Empresário e ex-vereador de Joaçaba é preso em operação da Polícia
Fabiano Piovezan, empresário de Joaçaba, foi preso em flagrante pela Divisão de investigações Criminais (DIC) na manhã desta quinta-feira, 18. Ele é acusado de adulteração de produto medicinal e terapêutico e comercializar tais produtos em licença.

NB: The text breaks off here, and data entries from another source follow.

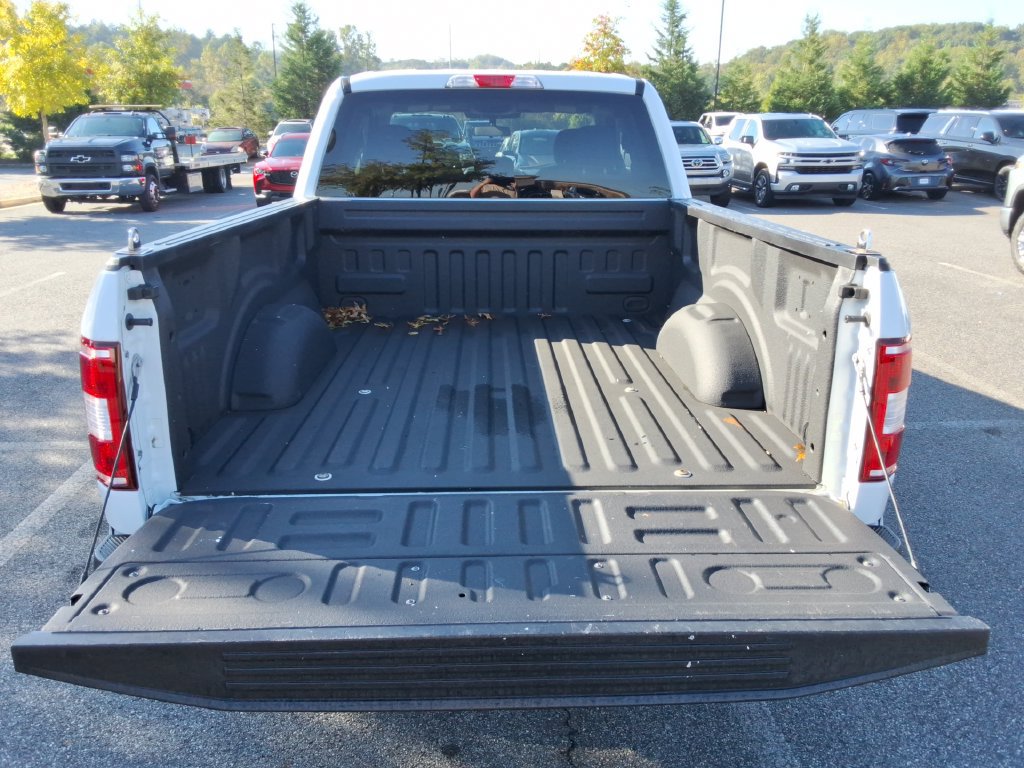 Used 2020 Ford F150 XLT AWD/4WD image 16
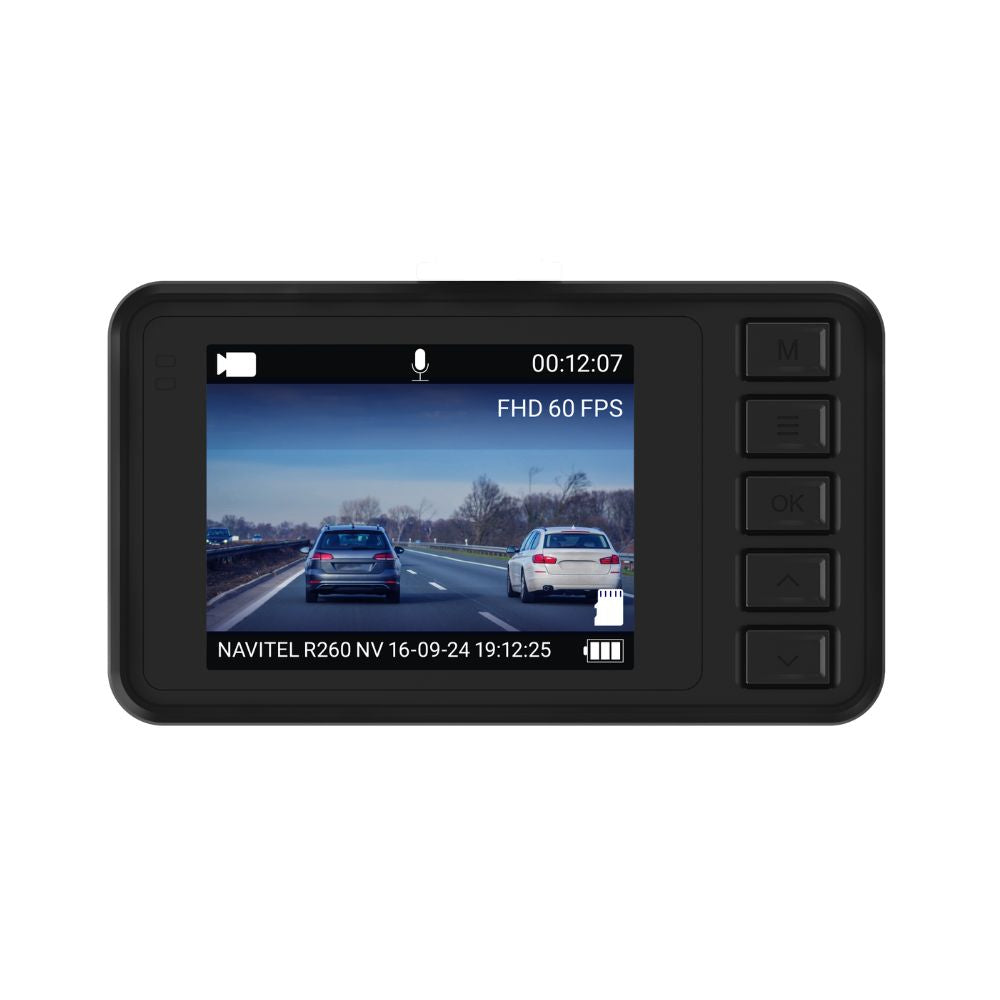 Navitel R260NV Front Dash Cam Full HD DVR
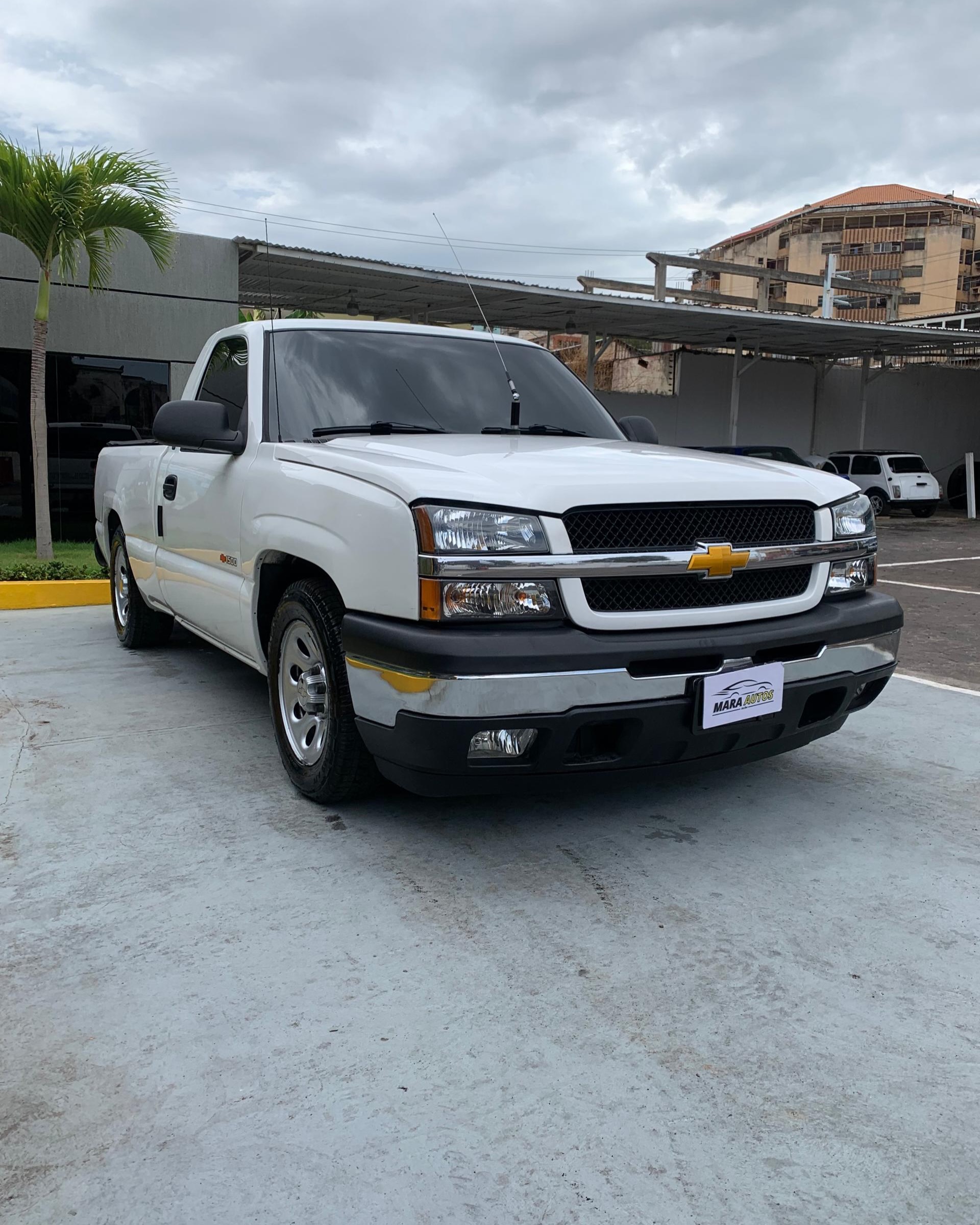 Chevrolet Cheyenne 2005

O empresário, que atua no ramo da venda de gás, é suspeito de adulterar os cilindros de armazenamento do material e entrega-los para postos de saúde e hospitais da região. Um caminhão com cilindros foi levado para perícia e outros materiais também foram apreendidos.
Segundo fiscais da Vigilância Sanitária Municipal, que acompanharam os trabalhos da polícia, a empresa Gasoxi, tinha licença apenas para comercializar gás industrial e não possuía esta liberação para gás do tipo medicinal. Por parte da vigilância foi confeccionado um auto de intimação e interditada a venda de gás medicinal, porém a parte industrial poderá continuar sendo comercializada normalmente.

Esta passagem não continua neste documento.